It should be noted that the comparison view is constructed by at least index data between two clients. And after the index data is determined, determining a target index corresponding to the last iterative training of the transverse federated learning model in the index data, wherein the target index is a comparison standard in the comparison view, namely, the target index is used for comparing the related data of the two clients. It is understood that the target index is at least one, and in the present embodiment, the weight histogram and the gradient histogram may be set as the target index.

And h, establishing a comparison view corresponding to the transverse federated learning model according to the target index.

And after the target index is determined, establishing a comparison view corresponding to the transverse federated learning model according to the target index. Specifically, by comparing views, a weight histogram and a gradient histogram corresponding to each client in each iteration number can be obtained, then the weight histogram and the gradient histogram between at least two clients in the same iteration number or different iteration numbers are compared to obtain the similarity between the weight histogram and the gradient histogram between at least two clients, and the similarity is used as a new index value, that is, the weight histogram and the gradient histogram are converted into a numerical value.

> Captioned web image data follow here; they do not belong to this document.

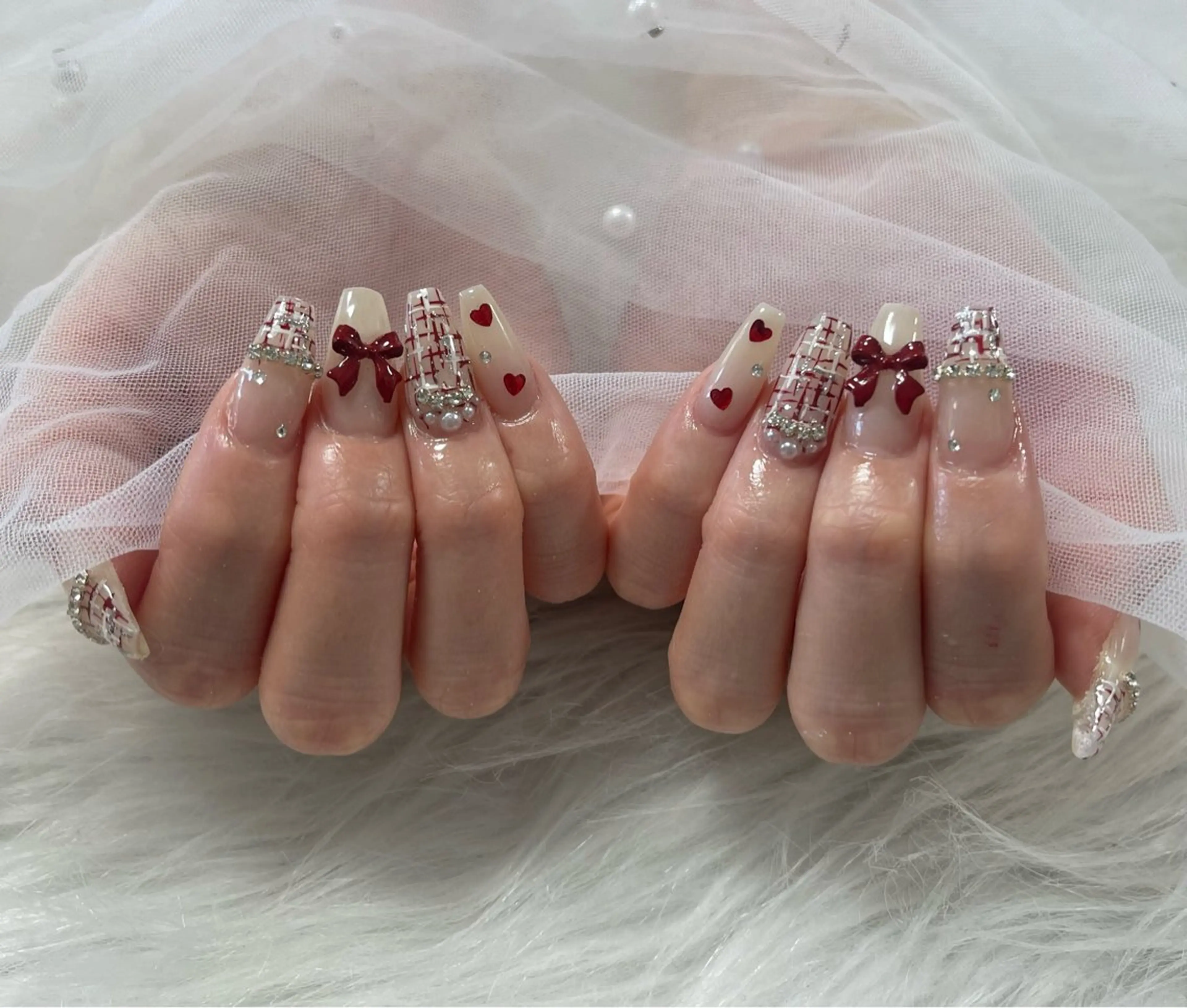 ネイル オーロラネイル クリアネイル 成人式 フラッシュネイル ジェルネイル ハンドネイル Amee Nailsalonのネイルデザイン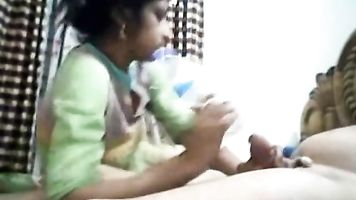 Indian Bhabhi With huge boobs Giving Cute Oral more@ onlyindianxxx.com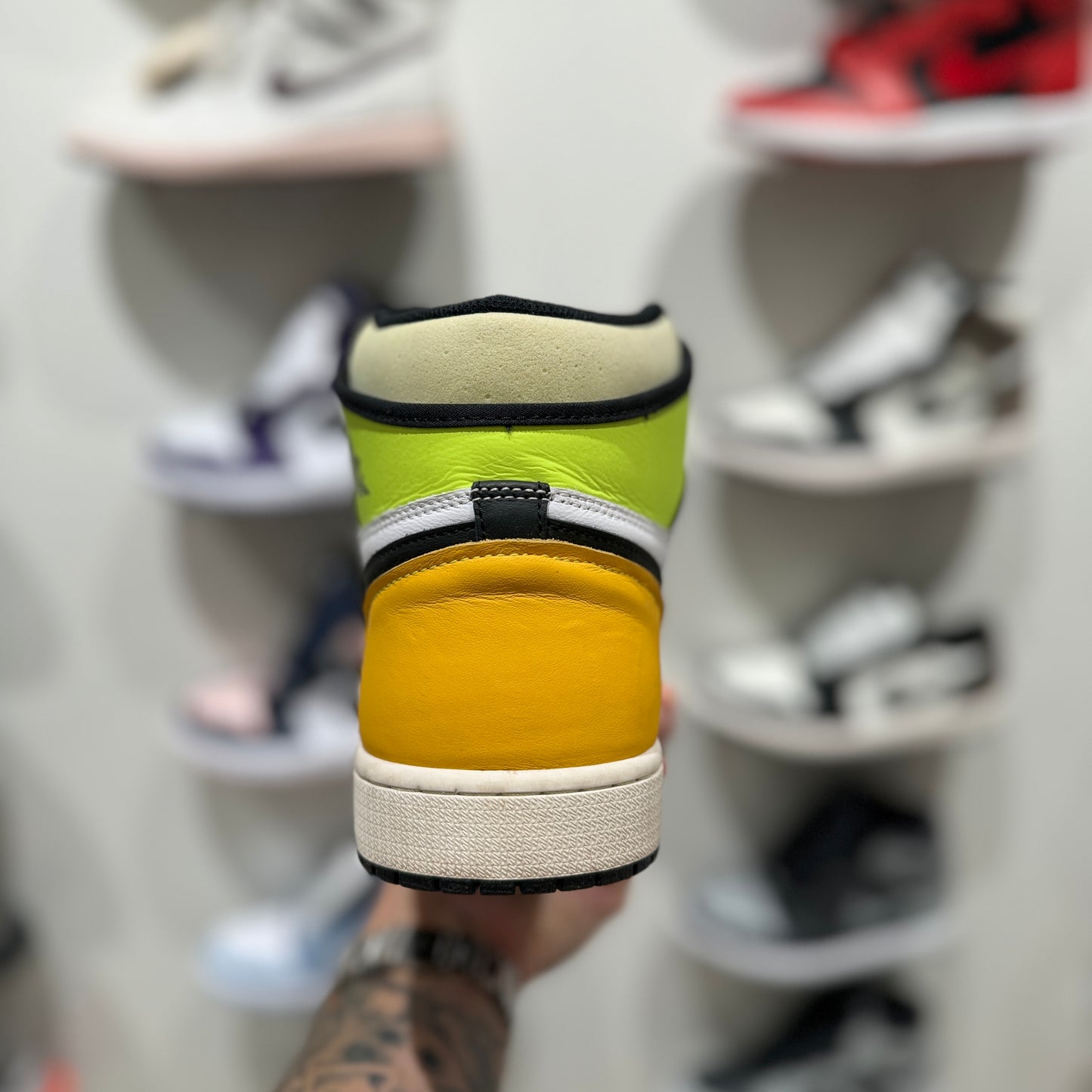 USED Nike Jordan 1 High OG Volt Gold (47,5)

Specifically, step h includes:

and h1, acquiring the target indexes corresponding to the adjacent clients in the federated learning network structure in the same iterative training process, and constructing a corresponding comparison view according to the target indexes corresponding to the adjacent clients.

Specifically, in the component view comparison process, each iterative training process can be compared, the target indexes corresponding to the adjacent clients in the federated learning network structure are used as abscissa, and the target indexes corresponding to the adjacent clients are used as ordinate to construct the comparison view corresponding to the adjacent clients. It should be noted that, in the process of training the horizontal federated learning model, due to the nature of the federated learning network, the characteristics of the adjacent clients in the federated learning network are similar, and therefore, if the comparison view between the two adjacent clients indicates that the two clients are greatly different, it may be determined that one of the clients has an abnormal condition in the iterative training process, and at this time, the client having the abnormal condition may be determined by combining the comparison views between the two clients and the other clients. It will be appreciated that except for the first and last clients in the federated learning network architecture, there are two adjacent clients for the remaining clients, one left adjacent and one right adjacent.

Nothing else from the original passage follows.